No pocos pasajes permiten ver la disciplina de Jesús en la oración como estilo de vida. No eran esporádicos los momentos de comunión, sino que tenía por costumbre agendar lapsos de privacidad con Dios. Eran tiempos a solas con el Eterno, se apartaba hasta de sus más íntimos discípulos para platicar únicamente con el Altísimo. En múltiples ocasiones de noche o en la madrugada, antes del amanecer, en la oscuridad acudía al desierto o a las montañas para tener su devocional (Mateo 14:23; Marcos 1:35; 6:46; Lucas 5:16; 6:12; 9:28).

Jesús termina su ministerio en oración ferviente. La plegaria que registra Juan por la unidad de sus discípulos evidencia su profunda comunión con el Padre. Ruega al Creador que guarde a los fieles del mal, que los proteja del mundo. Antes de partir al lugar de gloria intercede por los que permanecerán más tiempo en la tierra. Implora para que sean santificados en la verdad y que lleguen a la meta de estar con Cristo en la presencia majestuosa del Eterno (Juan 17).

Luego lo encontramos en Getsemaní, en terrible angustia, en dolorosa agonía. En su máximo punto de quiebra, en su mayor expresión de debilidad, Cristo ruega al que lo envió, que haga pasar la copa de la cruz, pide ser librado del tormento. Su carne se quiere rebelar contra la misión. Sin embargo, el espíritu se antepone y el clamor final manifiesta rendición absoluta: Que no se haga mi voluntad, sino la tuya (Lucas 22:41, 42).

Una y otra vez se retira de los tres que lo acompañan para estar a solas con el Padre. Su cuerpo suda sangre, su alma siente un miedo horrible, pero en la presencia divina se refugia y se fortalece. En el momento de mayor estrés viene del cielo un ángel para brindarle aliento (Lucas 22:42, 43). La oración es su arma efectiva, mediante ella descansa, se libra de la tensión, se entrega a Dios sin reservas. Sus momentos devocionales le permiten salir triunfante aun de la más cruda lid. Gana con anticipación la batalla y vence al tentador desde su intimidad con el Altísimo.

En la cruz también encontramos al Señor orando hasta el fin. Su plegaria es poderosa, trascendente, sacrificial, como su vida entera. Ruega por el perdón de sus verdugos.

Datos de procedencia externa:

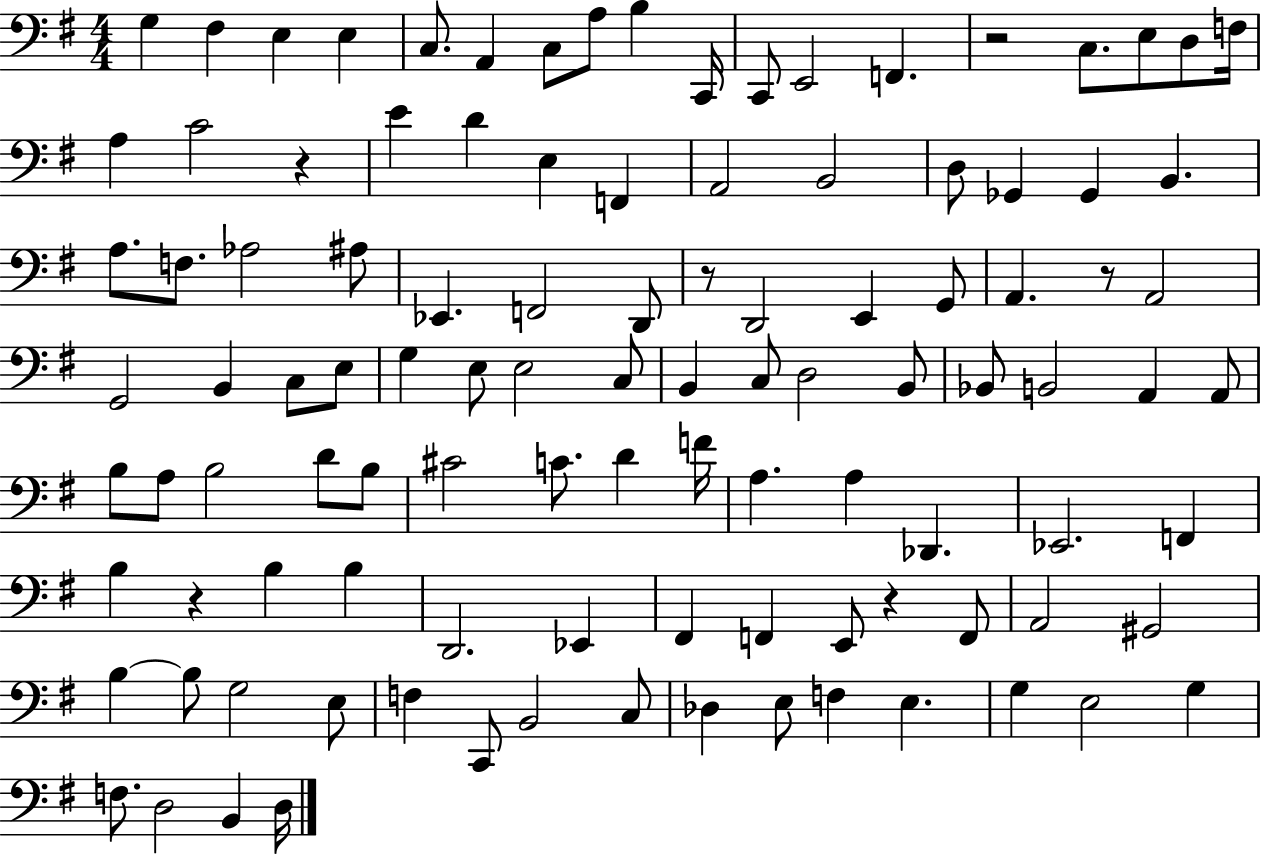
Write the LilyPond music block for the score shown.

{
  \clef bass
  \numericTimeSignature
  \time 4/4
  \key g \major
  g4 fis4 e4 e4 | c8. a,4 c8 a8 b4 c,16 | c,8 e,2 f,4. | r2 c8. e8 d8 f16 | \break a4 c'2 r4 | e'4 d'4 e4 f,4 | a,2 b,2 | d8 ges,4 ges,4 b,4. | \break a8. f8. aes2 ais8 | ees,4. f,2 d,8 | r8 d,2 e,4 g,8 | a,4. r8 a,2 | \break g,2 b,4 c8 e8 | g4 e8 e2 c8 | b,4 c8 d2 b,8 | bes,8 b,2 a,4 a,8 | \break b8 a8 b2 d'8 b8 | cis'2 c'8. d'4 f'16 | a4. a4 des,4. | ees,2. f,4 | \break b4 r4 b4 b4 | d,2. ees,4 | fis,4 f,4 e,8 r4 f,8 | a,2 gis,2 | \break b4~~ b8 g2 e8 | f4 c,8 b,2 c8 | des4 e8 f4 e4. | g4 e2 g4 | \break f8. d2 b,4 d16 | \bar "|."
}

Pide que se disculpe a sus sicarios, porque actúan bajo ignorancia (Lucas 23:34). Luego la agonía se potencia y siente en su carne el peso del pecado de la humanidad. Entonces levanta un clamor lleno de amargura, y saturado de esperanza, mediante un grito en el que se dirige al Padre como su Dios, y pregunta la razón del abandono (Mateo 27:46; Lucas 15:34). Al final suspira una oración el Salvador y entrega su espíritu al Eterno (Lucas 23:46).

La vida devocional de Jesucristo constituyó parte importante de su disciplina. Para la vida y el ministerio, para la misión de salvación universal y el trabajo específico de cada día, Jesús se comunicaba con Dios. Su ejemplo nos debe inspirar a integrar una práctica constante y persistente de oración. Si procuramos seguir las pisadas del Maestro en este aspecto, gozaremos los mayores triunfos y disfrutaremos las mejores experiencias con el Señor. En la comunión íntima con el Todopoderoso avanzaremos hacia el cumplimiento de nuestra vocación sin que nada nos impida consumar la obra que se nos encomendó.